Anita Agrawal (M.A. 2010) is a not-for-profit Consultant who has worked in many capacities in the arts sector, working with over fifty organizations to promote diversity and inclusion in the arts.  She is also a well-known Canadian jewellery designer, small business owner and a former federal and provincial political candidate.

Ana Fonseca (M.A. 2010) is a PhD student in History at Carleton University, where her research focuses on the Maroon population in 18th century Pacific Colombia and the threat it posed to the Spanish colonial order.

Jennifer Slawich (M.A. 2009) works as a Consultant for Plan Canada as their Senior Policy Advisor, where she works on issues ranging from maternal and child health to girl’s education and gender-based violence.  She has also worked as the Child Health and Education Campaigns Officer at RESULTS Canada, and the HIV/AIDS Campaign Officer at the International Department of the Canadian Labour Congress.
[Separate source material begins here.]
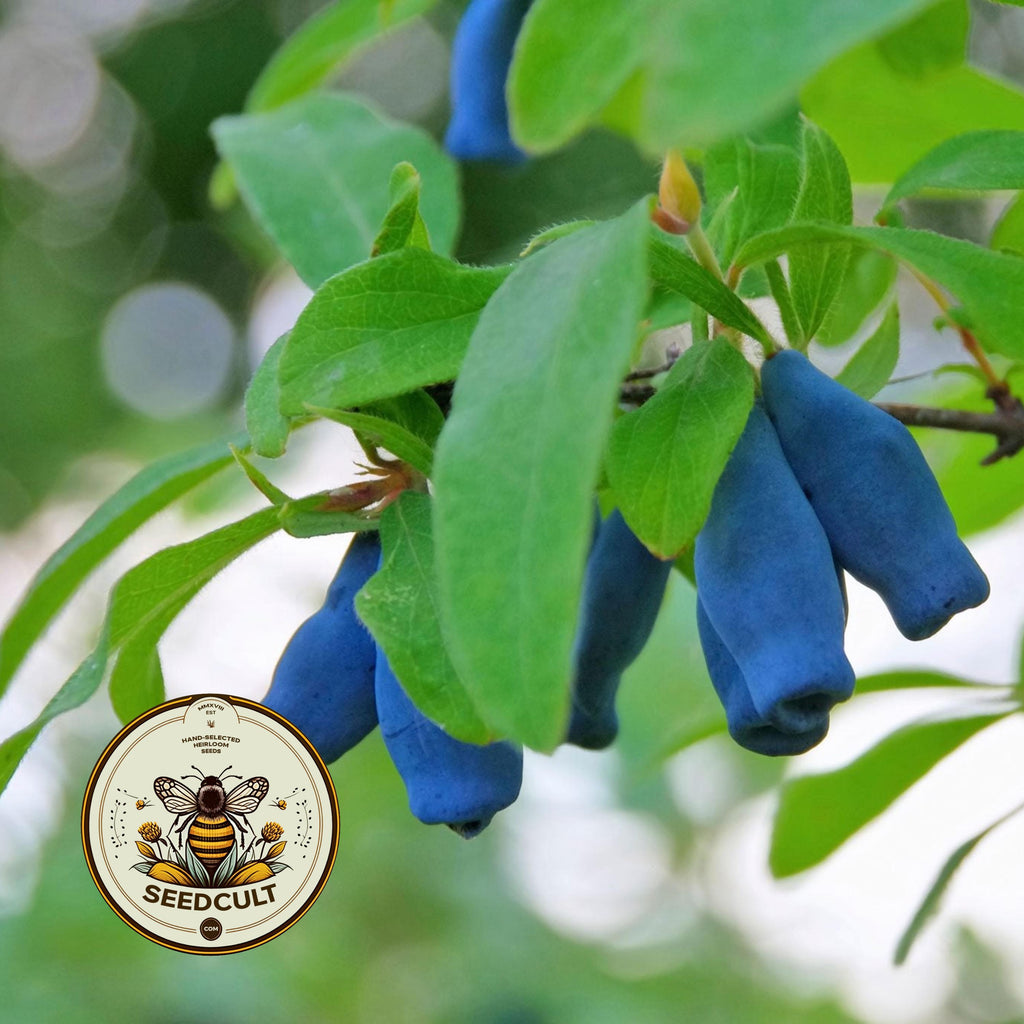 HONEYBERRY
Caryl Patrick (M.A. 2009) is a Ph.D. student in Anthropology at York University, where her research focuses on Aboriginal health, health promotion programs, and homelessness.  She recently published a book reviewing the literature on Aboriginal homelessness in conjunction with the Canadian Observatory on Homelessness at York, which was featured in a CBC news article and on CBC radio.

Bryan Myles (MA 2008) is the interim director of the Bill Reid Centre for Northwest Coast Studies at Simon Fraser University (SFU), and an SFU PhD student. His work and research explore the use of new media technologies in the documentation, archiving, and circulation of Northwest Coast First Nations’ cultural heritage.

Hodan Mohammed (M.A. 2007) is a Ph.D. student in Population Health at the University of Ottawa, while also working as a policy analyst with the Public Health Agency of Canada.  She has conducted community based research and training in Ottawa on a range of topics related to settlement and counselling supports for newcomers and youth. Her research interests include health equity and immigrant health, in particular the experiences of Somali Canadian male youth.

David Loewen (M.A. 2005) is currently the Manager of Strategic Policy in the Saskatchewan Ministry of Agriculture developing policy and analysis on issues including infrastructure, municipal planning and taxation, labour, federal-provincial relations, social license, strategic planning and research, and capacity development.  Previously, he was a Senior Intergovernmental Officer, Canadian Intergovernmental Relations at Executive Council.  Before returning to Saskatchewan he held positions as the Manager of Immigration Policy and Health Workforce Analyst in the Government of Alberta.

Manon Turcotte (M.A. 2004) is a Policy Analyst at the Centre for Communicable Diseases and Infection Control, a division of the Public Health Agency of Canada.